The vaudeville aspect is easy to define. There’s comedy, dance, music, drama, storytelling, stand-up, and strange hybrids. Some year, I will attempt to combine every possible style of performing arts with a show called Mein Kampf: The Musical. It will have singing, dancing, storytelling, probably some mime, and it will be a comedy with moments of dramatic relief.*
The all you can eat buffet is a more bizarre comparison, but more accurate. The festival embodies all that I think is good, and a few necessary evils, in live performing arts.
There are something like 800 performances of over 100 shows. It’s impossible to devour it all. But that whole buffet is spread out in front of you, so you feel like you should keep loading up your plate. Some of the shows will be the best thing you ever tasted, others will be amazing delicacies that are not for you, and just a few will be food poisoning covered in a light Hollandaise sauce.
The sickness inducing plays are one of the absolute best things about the festival. Because the festival is non-juried, anyone can put up a show. A lot of the shows that are difficult to sit through are by young, inexperienced performers. The Fringe offers them a place to learn so the world can later have more awesome, experienced performers.
The first show I did at the festival was far from polished. I got cut in the face with a plastic battle axe while wearing a propeller beanie. I got blood on my hand and when I went to toss a fellow performer a rubber chicken, it stuck to my hand because of the band-aid I had sloppily slapped on my fingers backstage. It was not as entertaining as that makes it sound.
Early on, it was also not the most organized festival. One year, I got my cut of the box office directly from the festival producer. He handed me cash in Loring Park. If you are not from Minnesota know this: At the time, it was not unusual for an older man to hand a younger man cash in Loring Park. It was just not usually for doing a comedy show.
The festival is a well organized buffet now. Audiences stand in line for the beef stroganoff, passionately debating whether or not the macaroni n’ cheese needed sausage or if the meat just made the dish too flamboyant.
The performers and the audiences mingle as they rush from show to show and hang out at bars and restaurants. There is a sense of community, energy, and even urgency. After most theater performances, audiences shuffle quickly out of the theater to go hug their televisions and tell them they were missed. The direct connection between artist and audience at the festival is a powerful experience of the “live” part of “live performance.”

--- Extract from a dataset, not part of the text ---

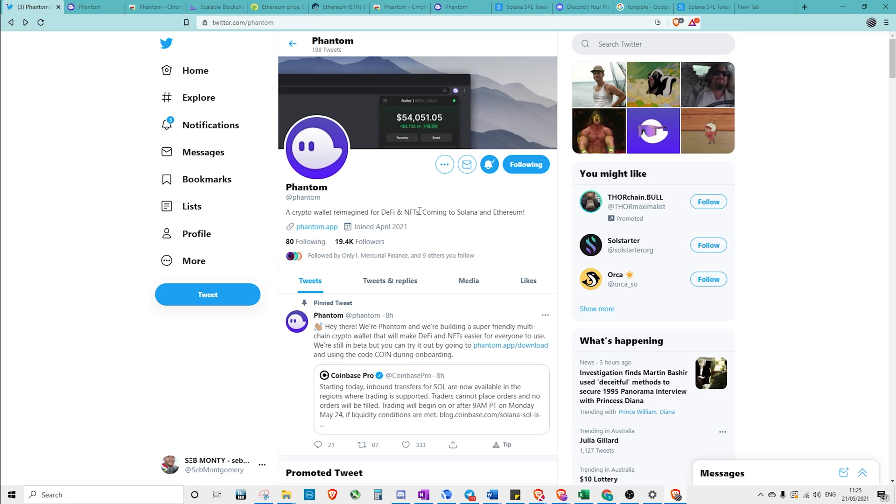If you're really new to crypto and you don't know what DeFi and NFTs are, they're worth a Google, but basically DeFi is decentralized finance. My most basic understanding is the ability to lend your crypto and earn interest, or to borrow against your crypto and pay interest.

The festival has also had great success getting audience members to write online reviews. The vast majority of them are full of passion and excitement to share new discoveries and old favorites. Some are bitter debates. “It’s called MACARONI N’ CHEESE why is there f**king SAUSAGE in it?” A few are posted by straight-up internet trolls. Artists will find themselves chastised by people who don’t use their real names. We thank you for your incredibly strong, often factually inaccurate, and safely anonymous opinions, Butthead 27 and Theatre Luber.**
Again, the reviews are like a buffet. Some of them are delicious. Others are hard to digest but there’s no way for an artist to learn to stomach a coleslaw stuffed turkey dog without the practice.
The festival has been a big part of my life as a writer, performer, and comedian. It’s given me a place to experiment, succeed, fail, and succeed again. I’ve had a chance to interact directly with the audience, both onstage and off. I’ve met hundreds of other artists. I’ve drank thousands of beers with them. And a huge amount of my name recognition and success in Minnesota (and nationally as a playwright) is because of my performances at the Fringe Festival.
My show this year is a comedy about fear called Nightmare Without Pants. Over the years of doing the festival, I’ve learned what dishes I like to create as a writer and performer. It’s a comedy, but there is meat to it. It’s chocolate with chunks of bacon in it.
If you live in or near Minnesota, and that sounds intriguing to your palate, come check it out. And see as many shows as you can before the festival ends on Sunday, August 12th.
Gorge yourself until you are stuffed full of art, entertainment, and opinions about all of it.
Stay out so late drinking beer and/or pepto-bismol that your television starts to wonder where the hell you are.
Thanks.
*This is a joke. I will never do this. Hitler doesn’t deserve the press.
**These are not, to my knowledge, real reviewer names. I changed the fake names of people to other fake names to protect the probably not very innocent.
Sound advice. As a casual theater-goer, I thought I’d graze maybe 10 shows at capital fringe only to stumble out 42 shows later, dizzy, half-crazed, in dire need of new theater pants, and counting the weeks ’til the next extravaganza. I am horrified and intrigued by the concept of audience reviews.
Wish I could see your Nightmare!
“Mein Kampf: The Musical. It will have singing, dancing, storytelling, probably some mime, and it will be a comedy with moments of dramatic relief.”
Is it possible you’re Chaplin reincarnated?